··· Data for review

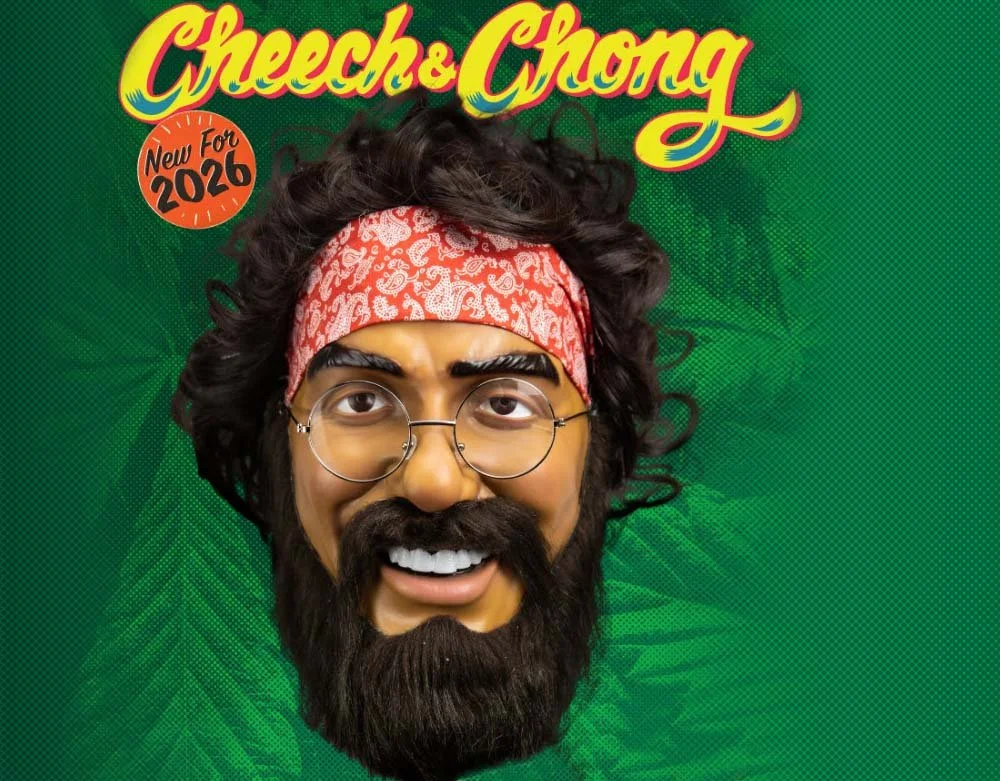 Trick or Treat Studios - Officially Licensed Tommy Chong - Halloween Deluxe Injection Retro Mask - Up In Smoke - Lord Grimley's Manor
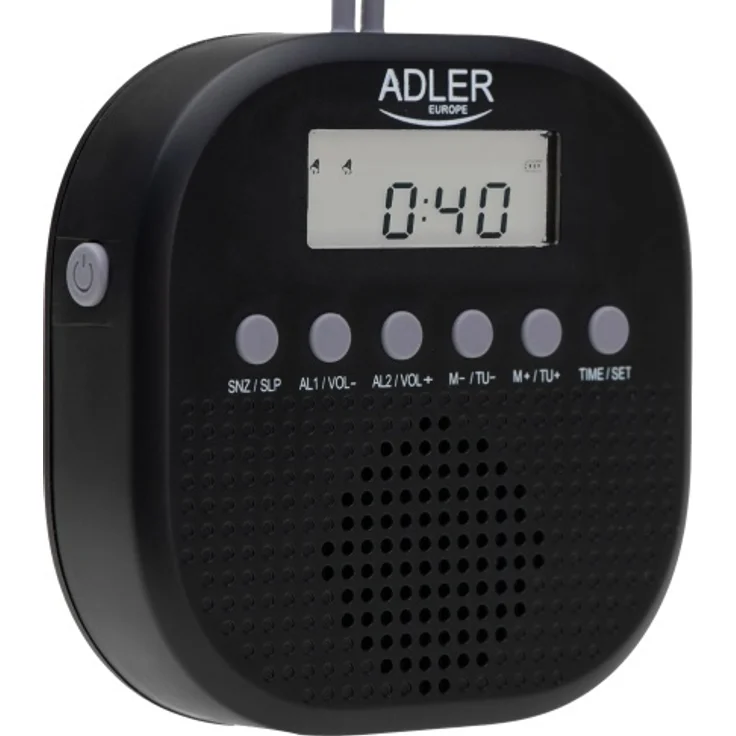 Adler AD 1912 Wasserdichtes Universalradio Batteriebetrieben Radiowecker Snooze Funktion schwarz – Bild 1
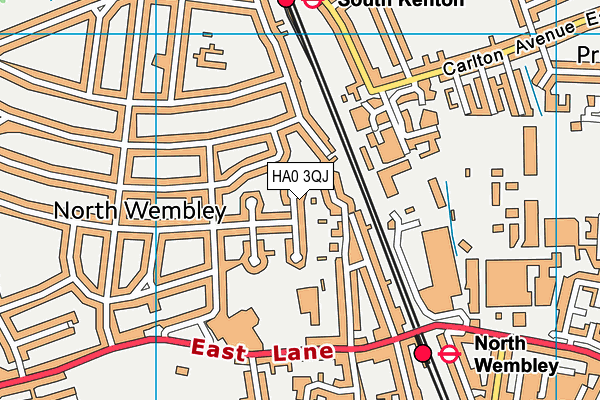 HA0 3QJ map - OS VectorMap District (Ordnance Survey)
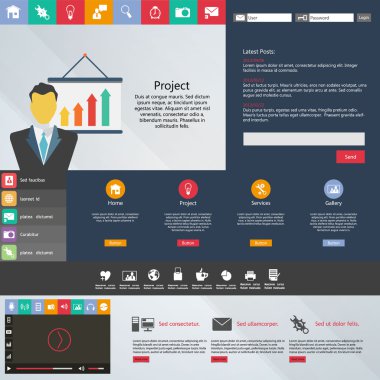 web sitesi şablon tasarımı düzenlenebilir vektör biçiminde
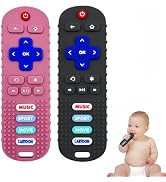 SOLIFEGOBLE 2 Pack Baby Teether Toys,Silicone Remote Teether for Babies,Baby TV Remote Toys,Infan...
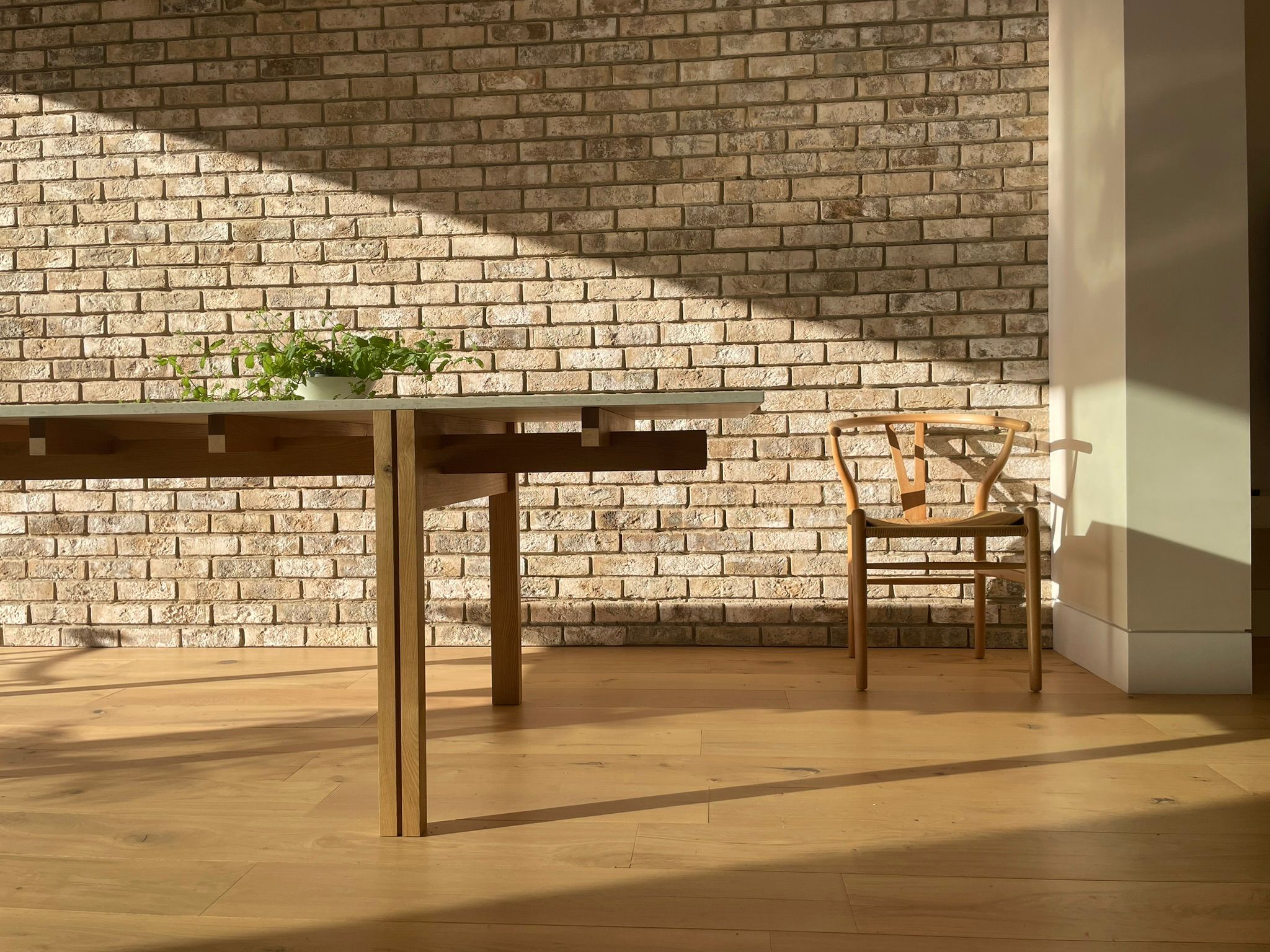 Architectural handmade oak table - made to order only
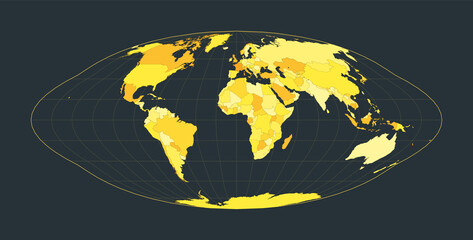 World Map. Pseudocylindrical equal-area Goode homolosine projection. Futuristic world illustration for your infographic. Bright yellow country colors. Awesome vector illustration.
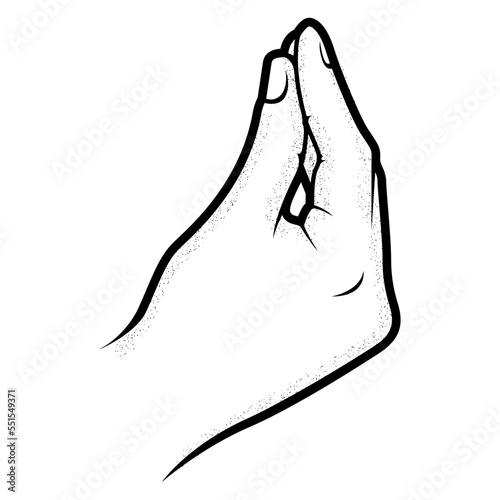 Pinched fingers, Italian hand gesture bellissimo, tasty food and distrust sign, finger purse hand gesture, vector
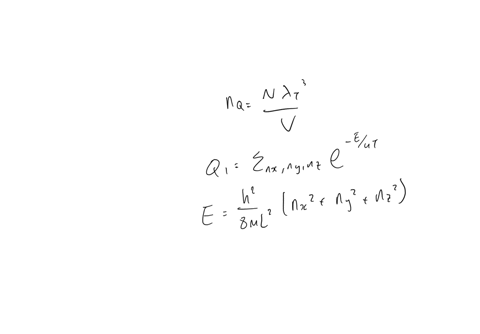 calculate-the-partition-function-q_1-of-one-spinless-atom-of-mass-m-moving-freely-in-a-cube-of-volume-vl3-express-your-result-in-terms-of-the-quantum-concentration-defined-as-n_qfracn-lambda_t3v-where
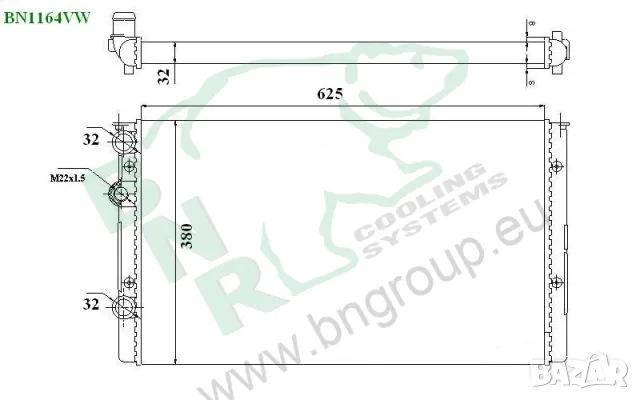 Воден радиатор BNR за VOLKSWAGEN BN1164VW, снимка 3 - Части - 14375437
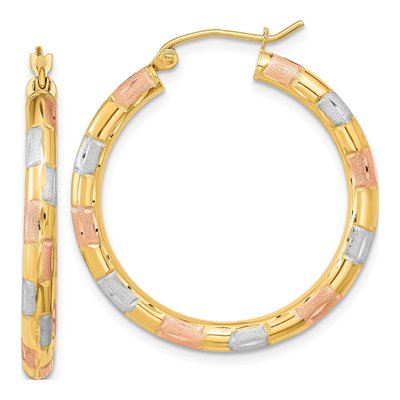 14K Yellow Gold Tri-Tone Diamond-Cut Hoop Earrings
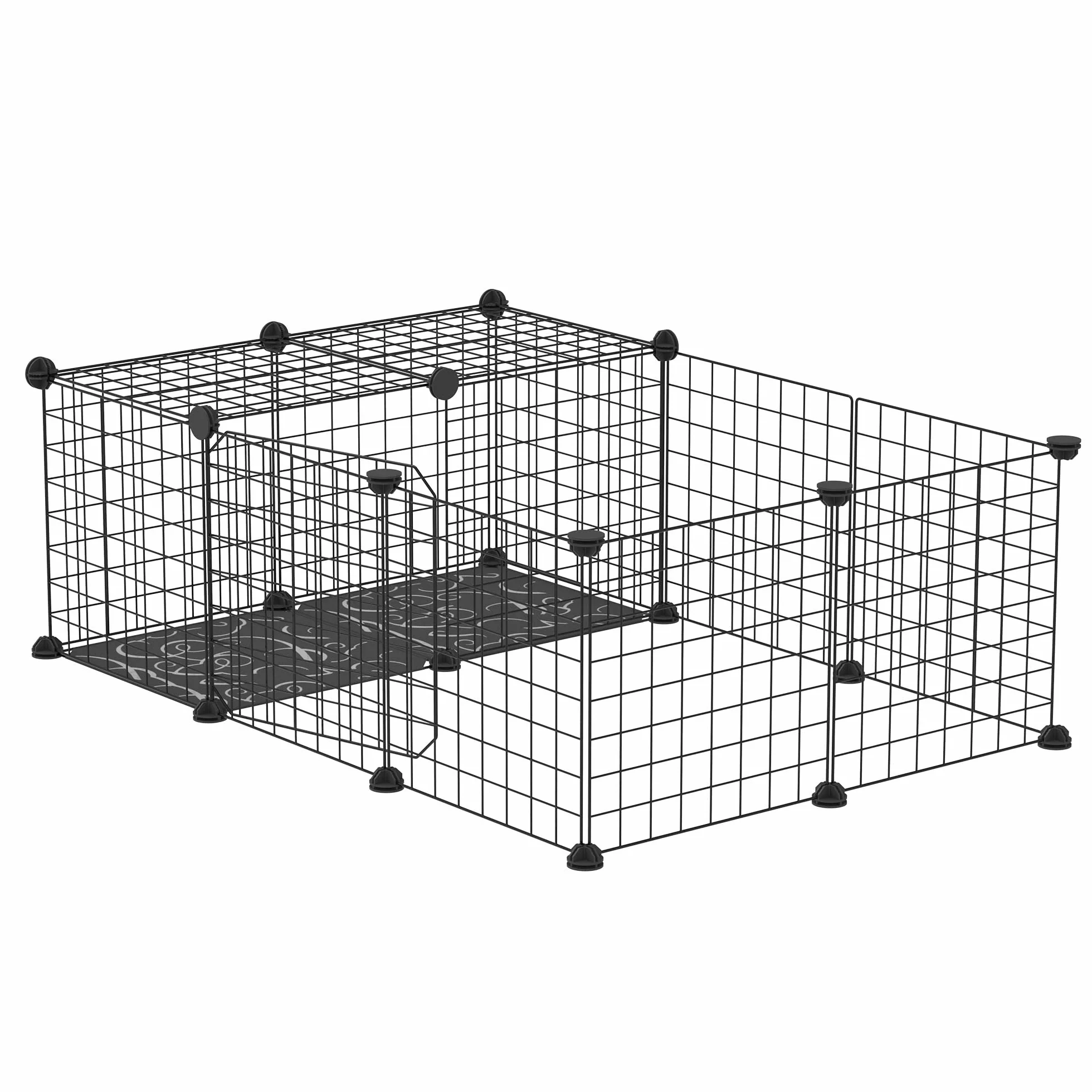 PawHut Recinto per Conigli, Porcellini d'India e Roditori Modulabile, Box per Animali con Accessori Montaggio, 105x70x35cm, Nero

······

What you need to do:
All of the entries above need to be repeated exactly, minus the pictures.

Response to the task:
 Trick or Treat Studios - Officially Licensed Tommy Chong - Halloween Deluxe Injection Retro Mask - Up In Smoke - Lord Grimley's Manor
 Adler AD 1912 Wasserdichtes Universalradio Batteriebetrieben Radiowecker Snooze Funktion schwarz – Bild 1
 HA0 3QJ map - OS VectorMap District (Ordnance Survey)
 web sitesi şablon tasarımı düzenlenebilir vektör biçiminde
 SOLIFEGOBLE 2 Pack Baby Teether Toys,Silicone Remote Teether for Babies,Baby TV Remote Toys,Infan...
 Architectural handmade oak table - made to order only
 World Map. Pseudocylindrical equal-area Goode homolosine projection. Futuristic world illustration for your infographic. Bright yellow country colors. Awesome vector illustration.
 Pinched fingers, Italian hand gesture bellissimo, tasty food and distrust sign, finger purse hand gesture, vector
 calculate-the-partition-function-q_1-of-one-spinless-atom-of-mass-m-moving-freely-in-a-cube-of-volume-vl3-express-your-result-in-terms-of-the-quantum-concentration-defined-as-n_qfracn-lambda_t3v-where
 Воден радиатор BNR за VOLKSWAGEN BN1164VW, снимка 3 - Части - 14375437
 14K Yellow Gold Tri-Tone Diamond-Cut Hoop Earrings
 PawHut Recinto per Conigli, Porcellini d'India e Roditori Modulabile, Box per Animali con Accessori Montaggio, 105x70x35cm, Nero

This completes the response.